投稿日: Sep 30, 2013 12:21:40 AM
書籍ビジネスに変化が起きるとしたら…
紙の本の価値がなくなったわけではないが、情報価値があっても見つけてもらえないものが累積的に増えていくことに、これといった手を打てないところが問題である。人々が簡単に見つけることが出来るベストセラーや話題本は今後も紙の本のビジネスは続いていくだろう。見つけてさえもらえれば、手にとってそのまま読める紙の本のメリットは大きい。しかし毎年日本で出版される7万点余の殆どはすぐに書店の棚から歯抜けのように消えだして、1年も経つと何処に行けばあるのかわからなくなる。
本が発見されるには書評のような紹介やアフィリエイト対策、検索エンジン対策をどうしていくかが課題である。書評サイトは本好きの特定の人しか行かないだろうから、アフィリエイトと検索エンジンが埋もれたコンテンツを経済化するために重要であるが、本の場合はその対策が非常に後手になっていると思う。むしろ音楽の方が多様な対策をしている。blogで本を紹介してアフィリエイトで小遣いを稼ぐ人は多く居る。これは月何千円であったり、あるいは専門家によるblogでは何万円単位が多いであろうが、これらが無数に増えてくればさらに書店の市場を奪うことになるだろう。

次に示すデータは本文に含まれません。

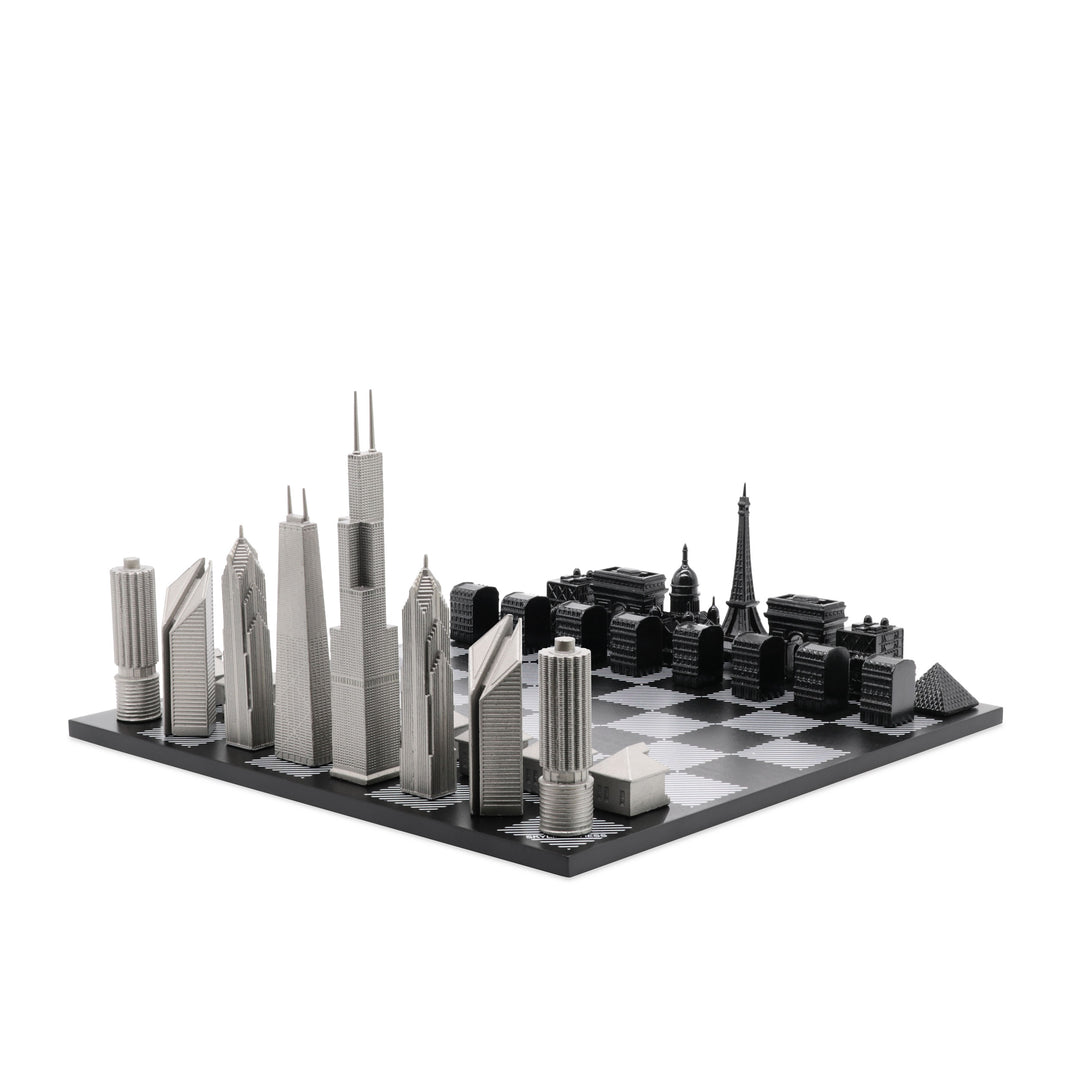 Skyline Chess Set, Chicago Vs Paris, Steel Metal, Corner View, Hatch Board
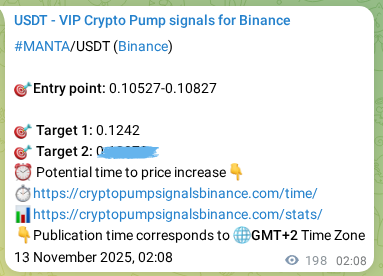Check out the Binance pump signal proof for MANTA on 13 November 2025, 07:36 Binance pump signal proof for MANTA on 13 November 2025, 07:36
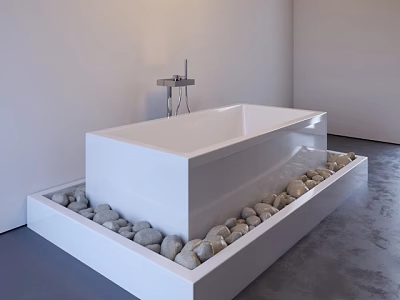 White Freestanding Bathtub On Platform Surrounded By Pebbles With Modern Faucet 3d model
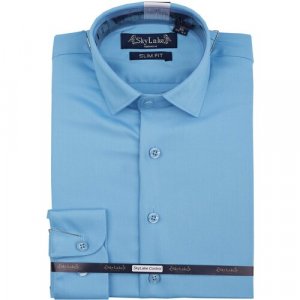 Школьная рубашка , на пуговицах, размер 31/128, голубой Sky Lake. Цвет: голубой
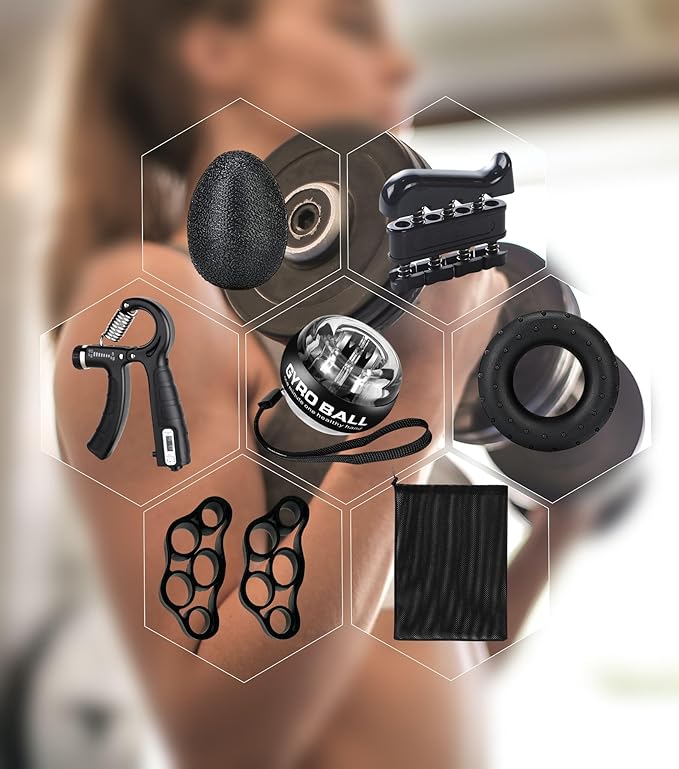 Hand Grip Strengthener Workout Kit (8 Pack) Forearm Grip Adjustable Resistance Hand Gripper, Finger Stretcher, Finger Exerciser, Grip Ring，Gyro Ball
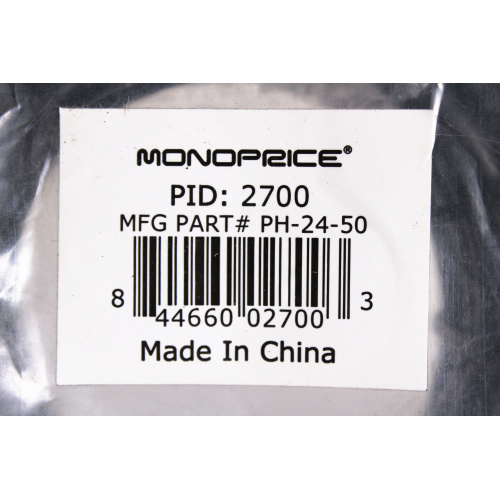 Monoprice 24AWG HDMI to M1-D Cable, Black - 50' (Lot of 2) label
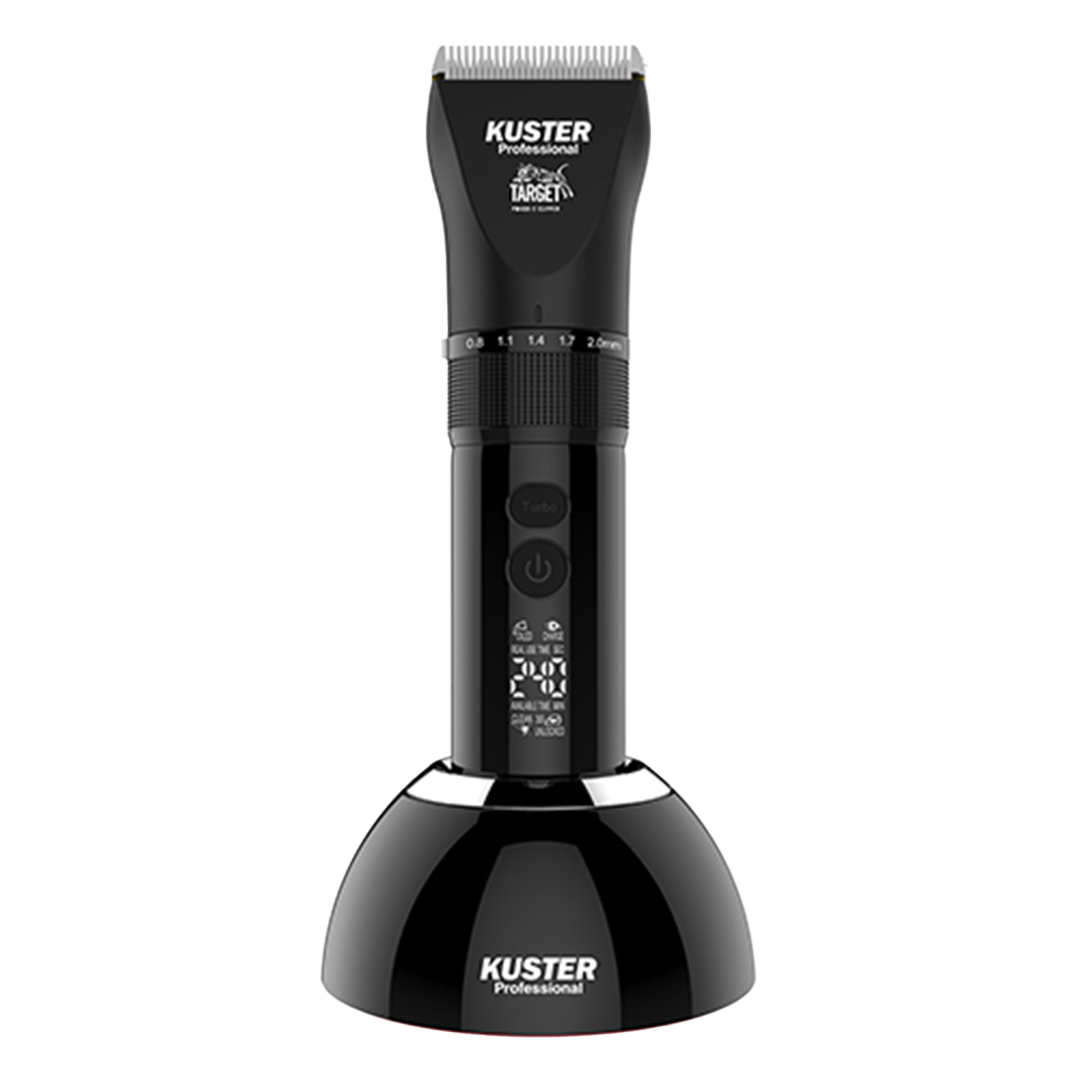 Electric hair clipper with titanium carbon blade and three interchangeable heads.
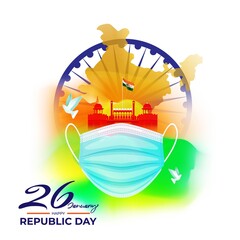 Naklejka premium Vector banner of Happy Republic day, 26 january, national holiday of India, abstract India flag, ashoka chakra, soldiers, flag hoisting ,template for website and social media.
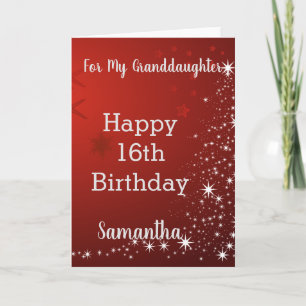 Carte Parties scintillant rouges Bonne 16ème anniversair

検索エンジンの対策としては、検索内容の詳細は本で得られるというという関連付けが本筋で、実用書などは目次や要旨がWebに出て居るが、検索語に関連した本文を「立ち読み」できるようにしている例は少ない。本のコンテンツに強い興味をもってもらえれば、そこからオンライン注文や電子書籍の販売につなげられるはずだが、おそらくそういった書店を介さない流通方法をプロモーションすることを出版社はためらっているのだろう。しかし結局プロモーションを躊躇していたのでは売れない。
これを音楽の場合と比較すると、音楽家-音楽事務所-レコード会社-流通、というつながりと、作家-出版社-流通、というつながりの違いのように思える。つまり音楽家と事務所が一体となってオンラインやライブという新しいビジネスを推進してきたのと比べて、作家の場合はその立場で一緒に仕事をしてくれる事務所がないので、出版社-流通というビジネスの仕組みからはずれたことができ難いのであろう。
アメリカのように作家のエージェントが出版社への売り込みをしてレベニューシェアするような関係ができると、作家-エージェント vs 出版-流通 という力関係ができて、本のプロモーションやコンテンツの権利ビジネスがもっと多様なものになるのではないだろうか。